**Task description:**
Starting at the line that holds "1A128 Moderno apartamento", reproduce each line exactly up to and including the last line of the records below. Pictures stay out.

**Short web captions:**
= = = =

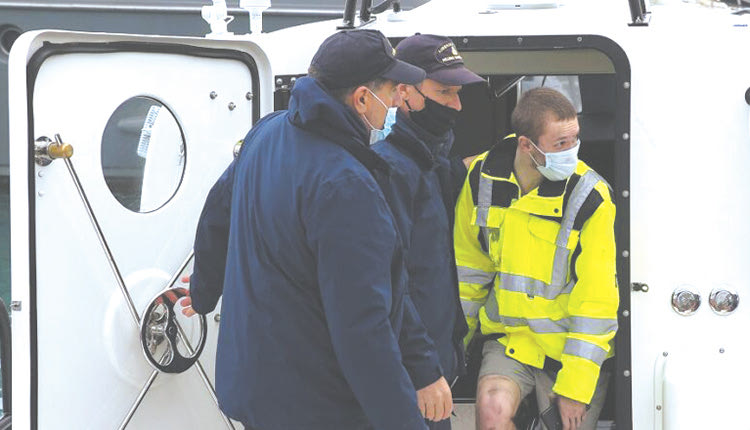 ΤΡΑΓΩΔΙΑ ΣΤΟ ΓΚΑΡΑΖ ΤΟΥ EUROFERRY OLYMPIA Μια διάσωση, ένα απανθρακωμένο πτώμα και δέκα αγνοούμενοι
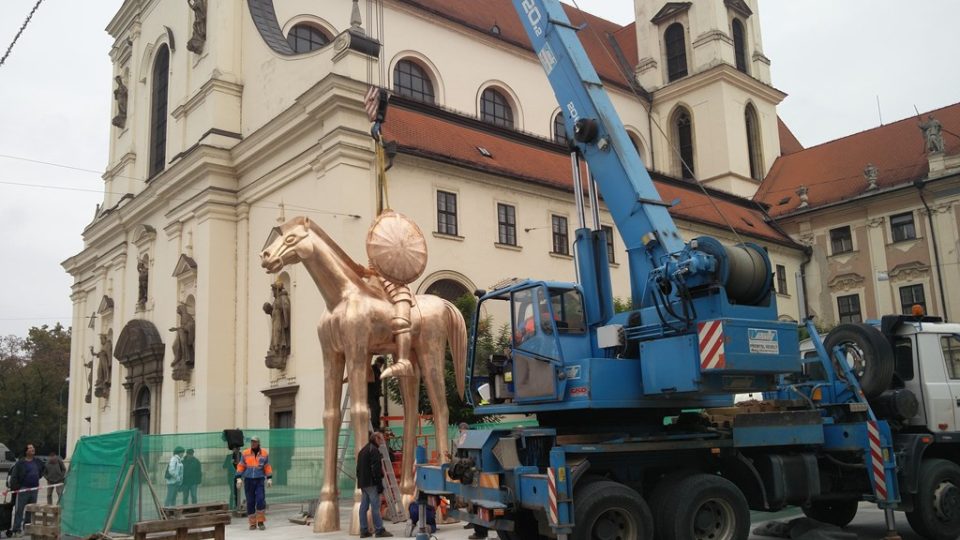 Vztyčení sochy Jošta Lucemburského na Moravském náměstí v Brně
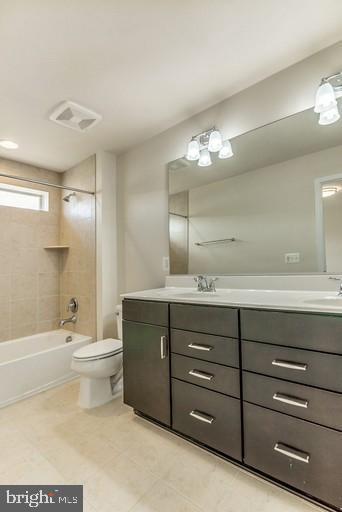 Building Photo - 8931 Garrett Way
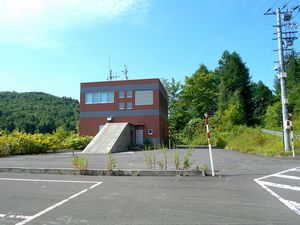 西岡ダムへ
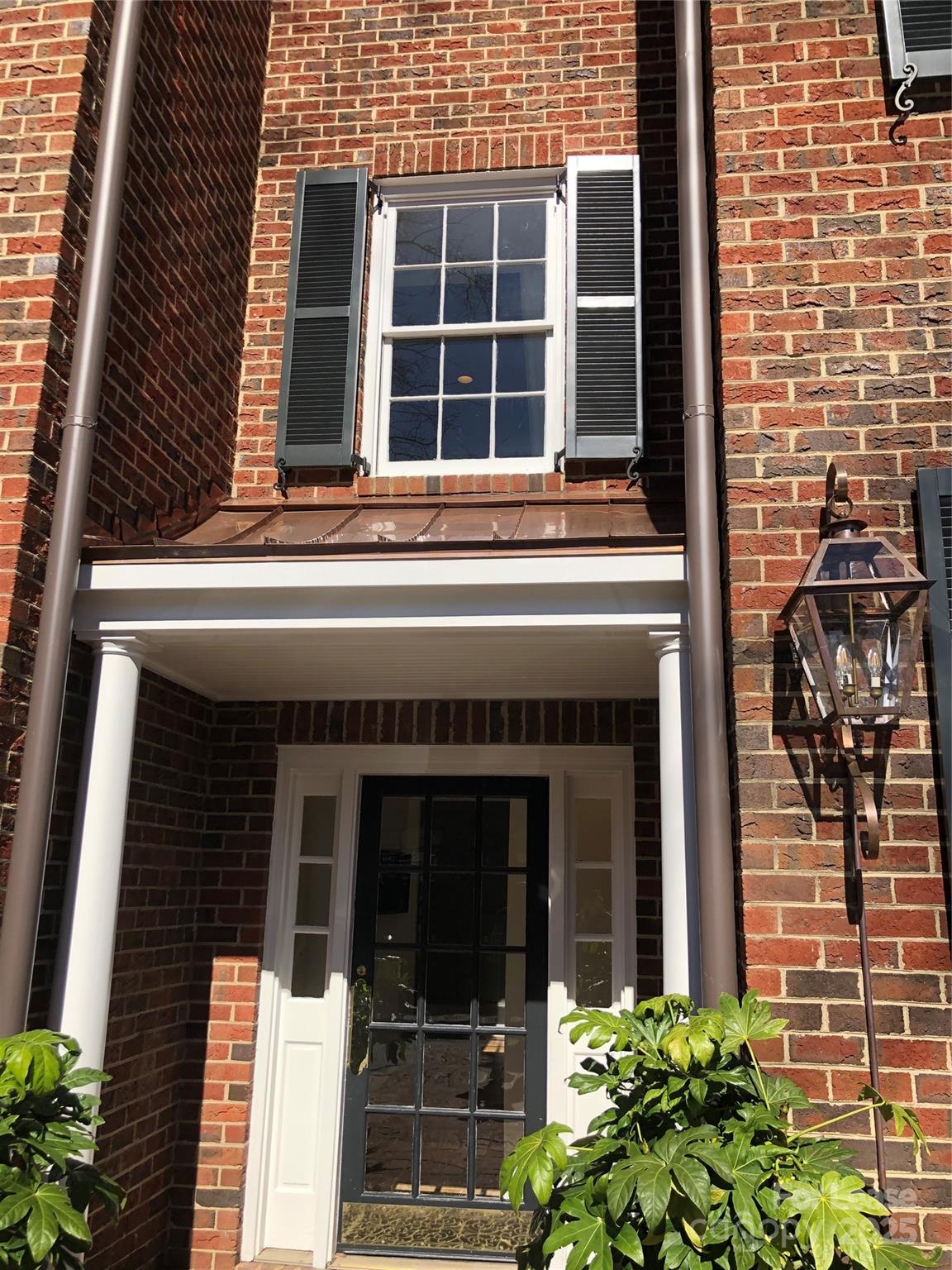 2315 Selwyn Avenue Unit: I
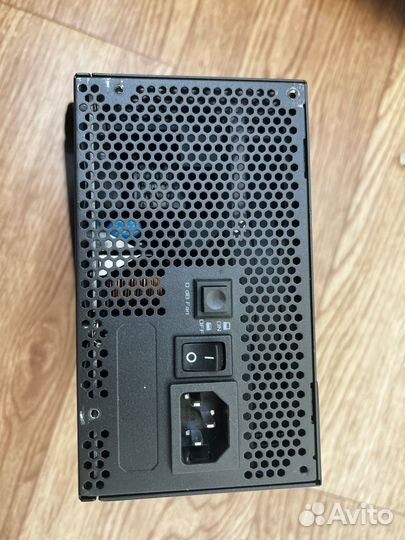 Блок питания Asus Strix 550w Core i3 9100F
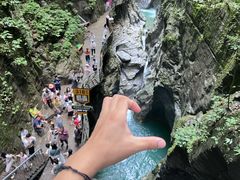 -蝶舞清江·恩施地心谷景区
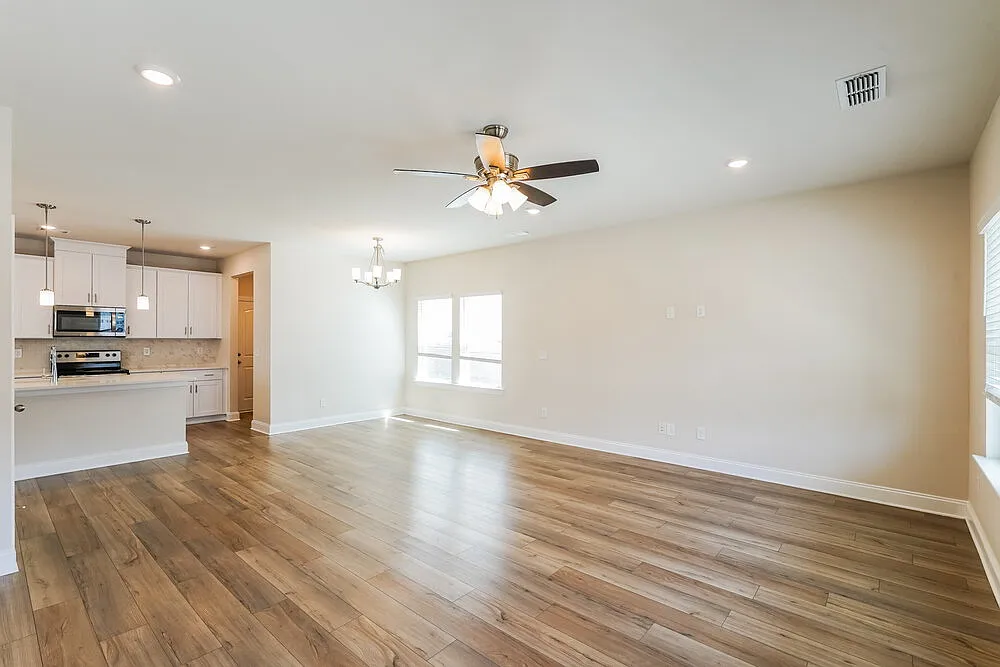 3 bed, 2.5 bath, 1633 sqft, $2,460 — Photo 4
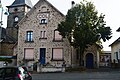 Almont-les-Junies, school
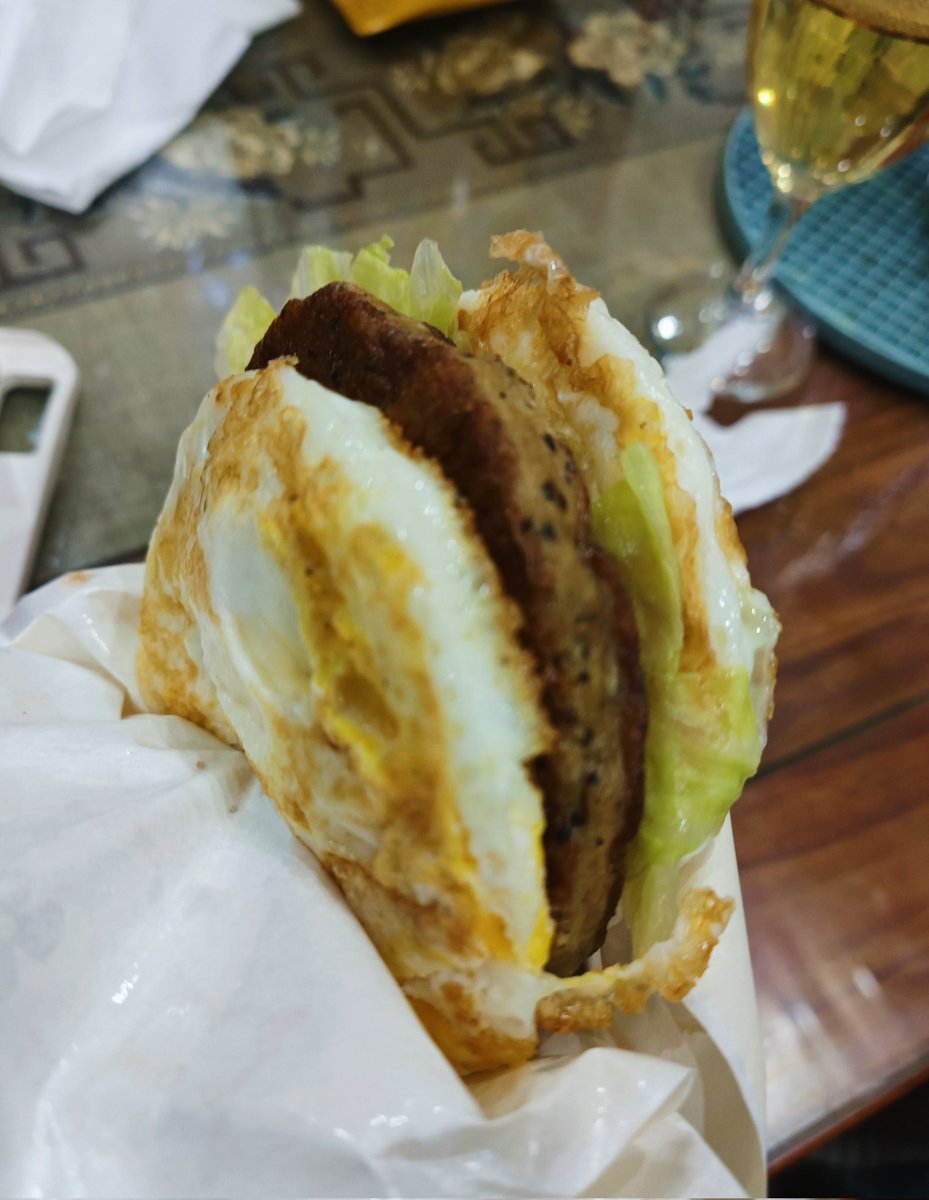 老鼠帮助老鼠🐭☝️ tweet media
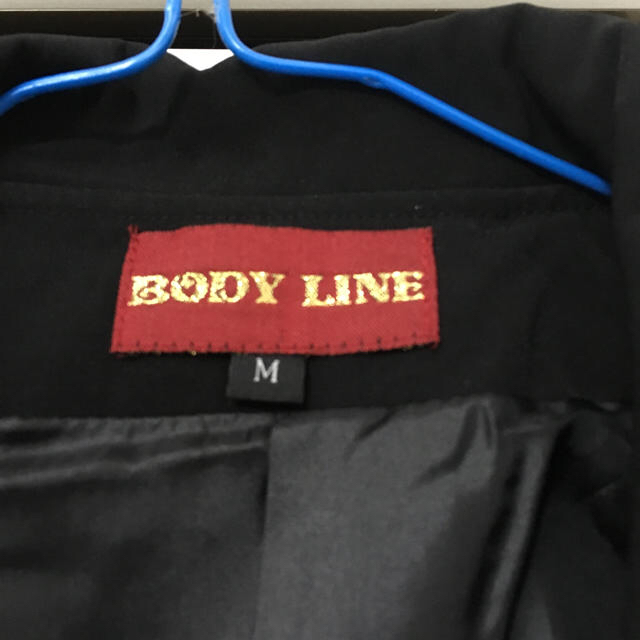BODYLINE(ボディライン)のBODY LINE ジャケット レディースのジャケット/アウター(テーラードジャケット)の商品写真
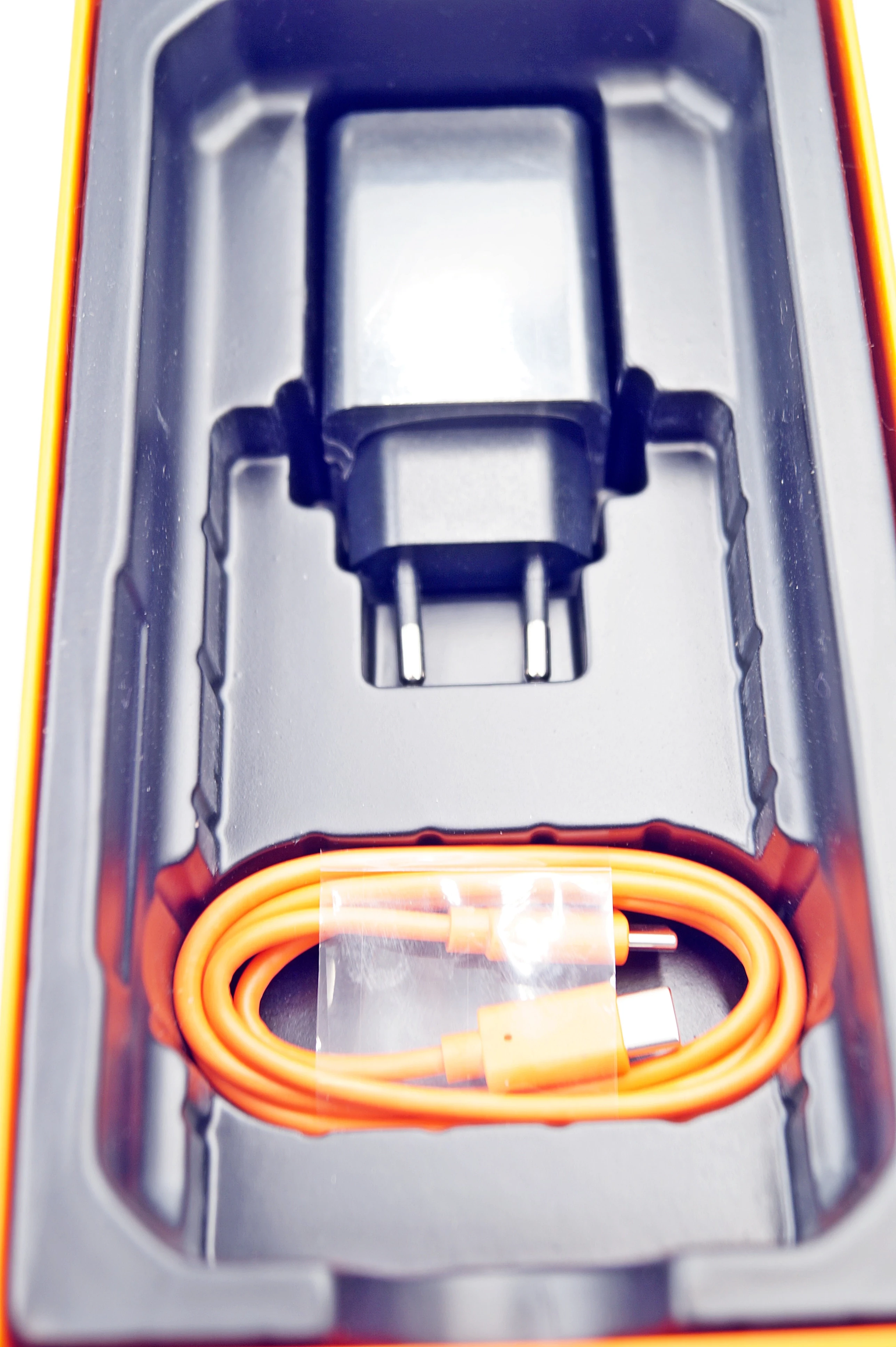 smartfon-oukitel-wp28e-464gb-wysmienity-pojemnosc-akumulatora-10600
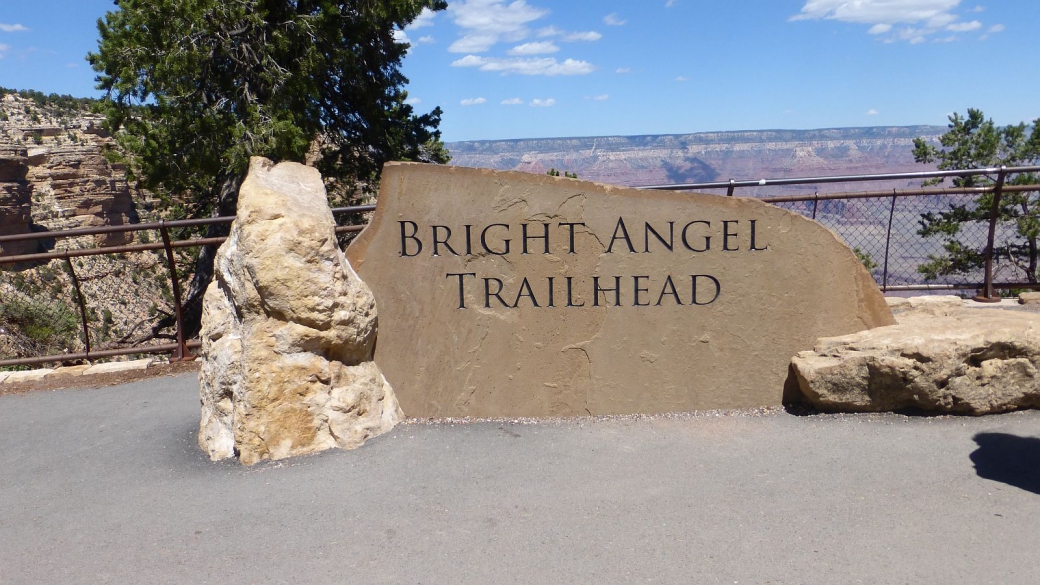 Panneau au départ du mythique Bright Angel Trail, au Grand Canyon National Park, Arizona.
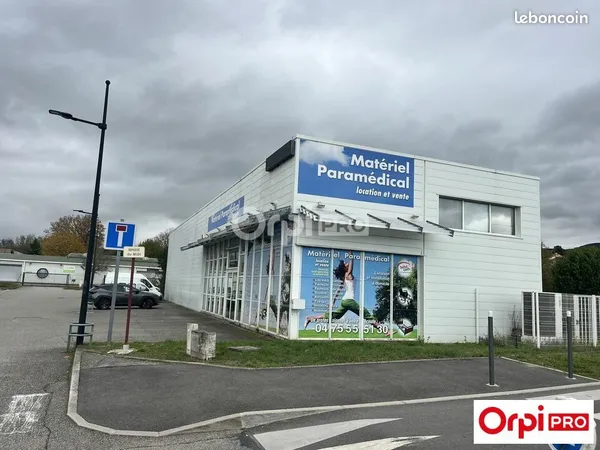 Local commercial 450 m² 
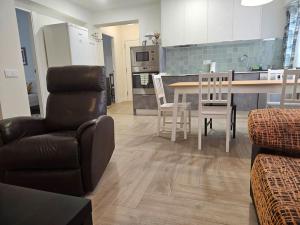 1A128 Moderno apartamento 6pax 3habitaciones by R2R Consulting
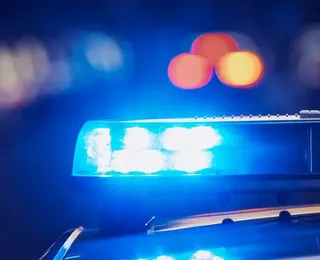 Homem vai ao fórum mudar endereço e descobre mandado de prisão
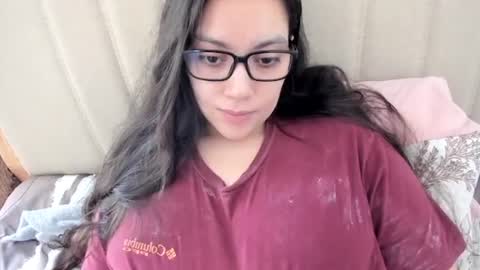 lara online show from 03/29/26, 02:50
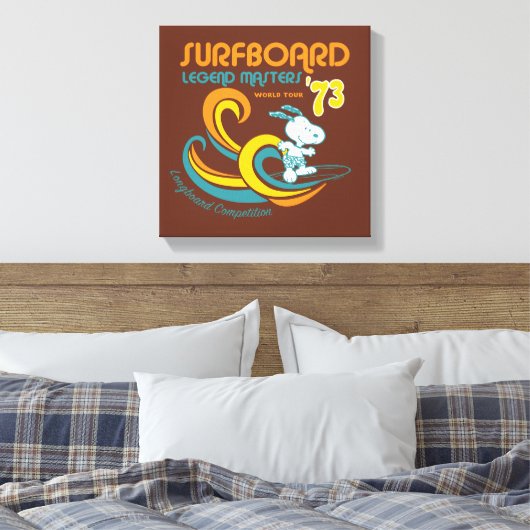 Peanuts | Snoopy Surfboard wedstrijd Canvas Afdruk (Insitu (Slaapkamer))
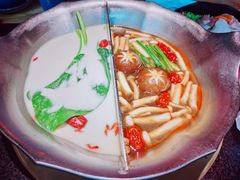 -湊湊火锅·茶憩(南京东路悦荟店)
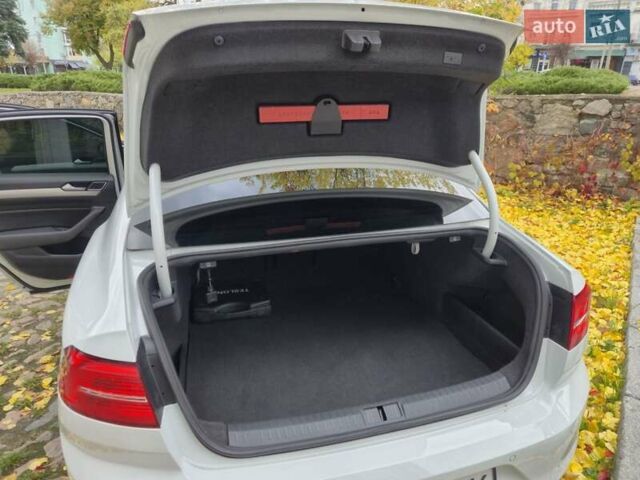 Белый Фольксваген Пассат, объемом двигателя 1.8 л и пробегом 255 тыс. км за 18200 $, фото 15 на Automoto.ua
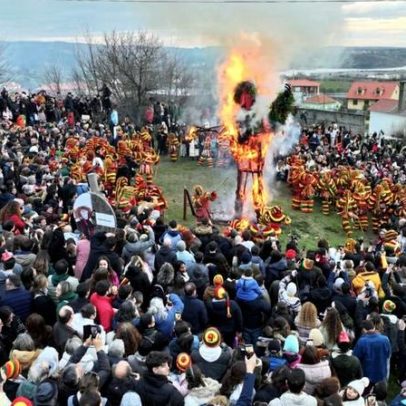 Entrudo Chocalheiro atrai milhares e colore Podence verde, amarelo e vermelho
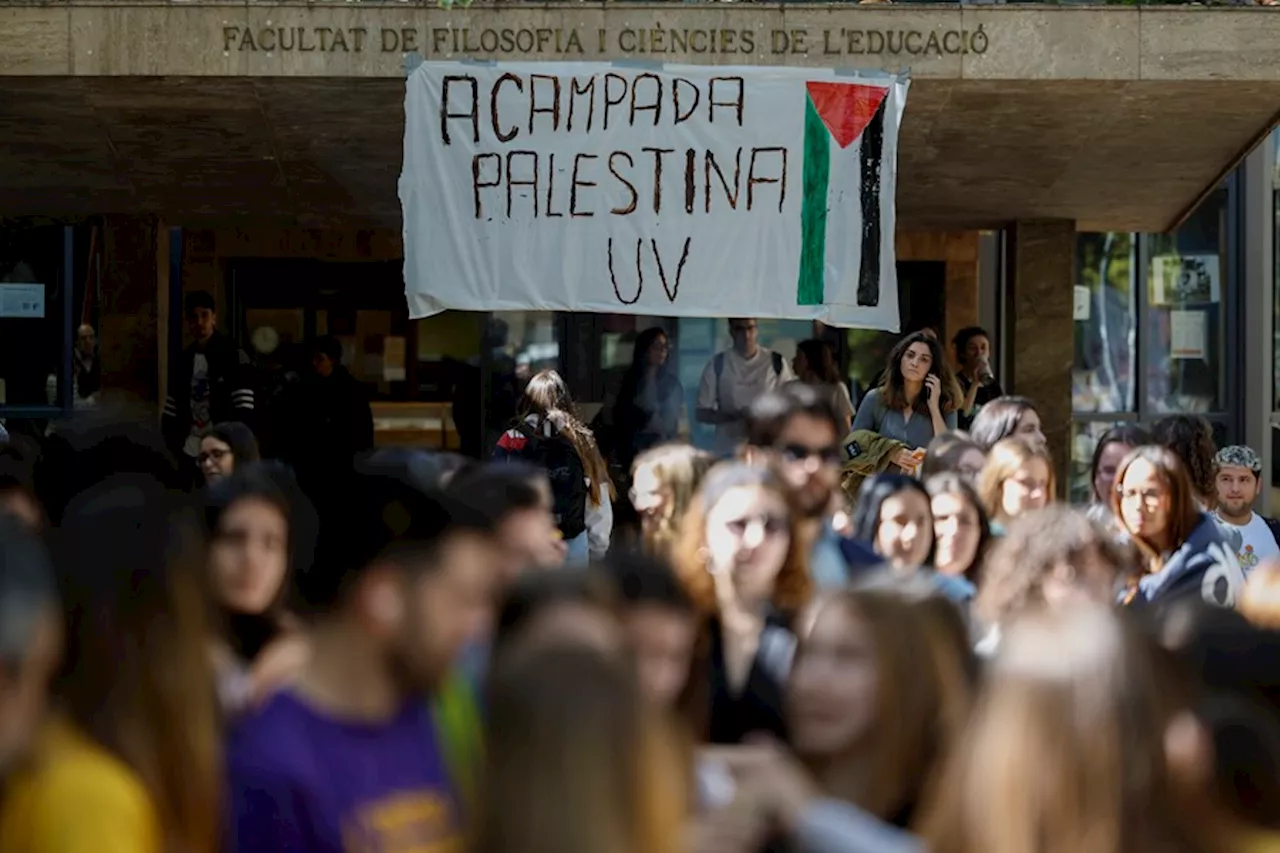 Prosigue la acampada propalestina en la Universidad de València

= = = =

**Task output:**
 1A128 Moderno apartamento 6pax 3habitaciones by R2R Consulting
 Homem vai ao fórum mudar endereço e descobre mandado de prisão
 lara online show from 03/29/26, 02:50
 Peanuts | Snoopy Surfboard wedstrijd Canvas Afdruk (Insitu (Slaapkamer))
 -湊湊火锅·茶憩(南京东路悦荟店)
 Белый Фольксваген Пассат, объемом двигателя 1.8 л и пробегом 255 тыс. км за 18200 $, фото 15 на Automoto.ua
 Entrudo Chocalheiro atrai milhares e colore Podence verde, amarelo e vermelho
 Prosigue la acampada propalestina en la Universidad de València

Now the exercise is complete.